What follows are a series of moments that may hit a little close to home for many of us. Your parents try and fail to understand your decisions. Your friends you haven’t seen in a while are drifting away in their own respective worlds. The town in which you grew up is changing and you have history both good and bad with the locals that is reflective in every conversation. You get a little too drunk at a party and embarrass yourself. In our favorite sequence you manage to rekindle a friendship but engaging in some hijinks at the nearly abandoned old mall. Again, all of this is set to a consistently top notch soundtrack.

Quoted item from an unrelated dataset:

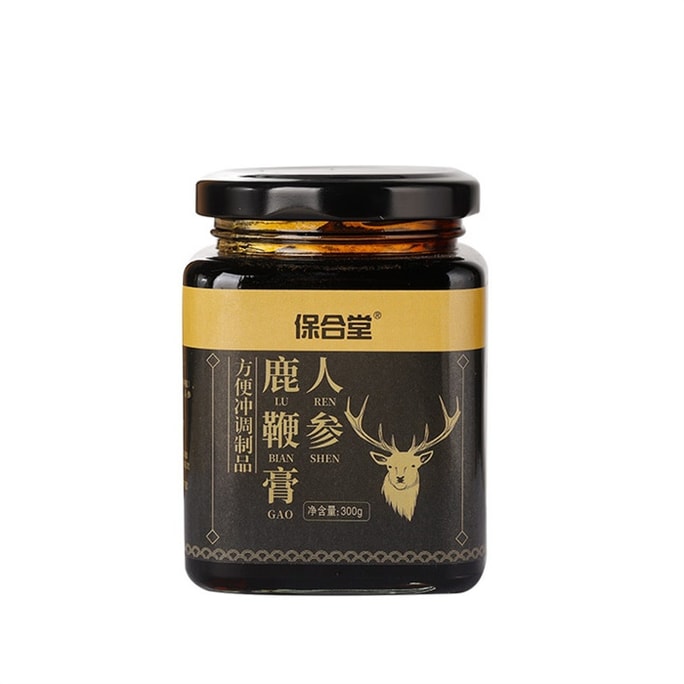 Ginseng Deer Penis Ointment for Tonifying the Kidney strengthening Yang Tonifying Qi and Nourishing blood 300g per bo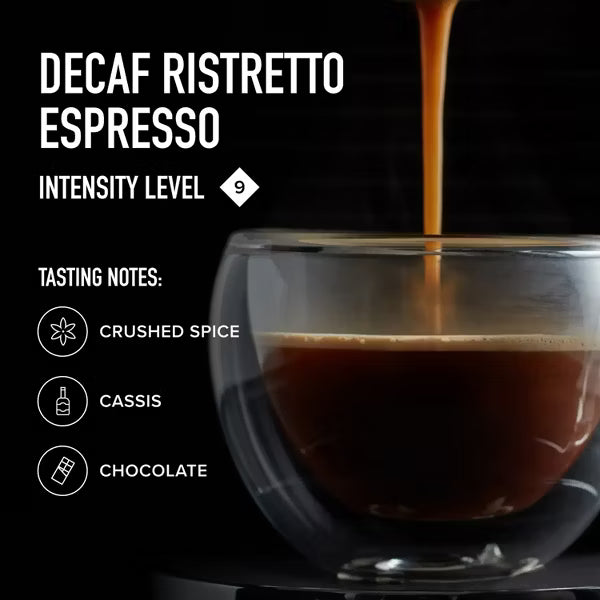 Peet's Coffee Ristretto Decaffeinato Espresso Capsules 10 Ct (Case of 10 Boxes / 100 Pods Total)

But as the game starts to reach a natural conclusion and you’ll finally address your demons with your friends and family, you witness a kidnapping and the game changes tone almost completely. You start to have strange and pointless nightmares that seem to serve only as filler to pad out the playtime of the game as you hunt for ghostly bandmembers to complete the nightmare. Your motley crew starts a ghost hunt to make sense of the strange occurrences and disappearances in the town. The culminates in a mine where your confronted with some strange truths and your teams makes even stranger decisions to handle such truths. We want to avoid spoilers but we were just scratching our heads as the crew almost made light what’s happening moments before one last jam session instead of, say calling the police.
There’s a beautiful game to play here for the first 5-6 hours but once people start disappearing the game begins to stumble and frankly never gets back on track again which makes the back half of the game more of a chore than it should be (especially due to those damn nightmare levels). Here’s the breakdown.
What works well
The devs do a great job of making these animals relatable through Mae’s very real experiences with social anxiety and general aimlessness in life. A game focused entirely on that would be outstanding.
What doesn’t work well
Well the second half twist that is a complete shift and seems like it belongs in a completely separate game brings this whole experience down. Instead of rebuilding a tenuous relationship with a friend and coming to terms with my own issues, I’m mashing the square button to kick a dude in the face.
Overall: Good but skippable
We highly encourage you to check out the soundtrack and maybe watch some Let’s Play videos to get a sense of the style before you decide to invest. Also just know instead of dealing with complexity of adolescence the game opts to simply point at it before getting distracted by balls out ridiculous plot that’s shoehorned into the game with bare bones foreshadowing.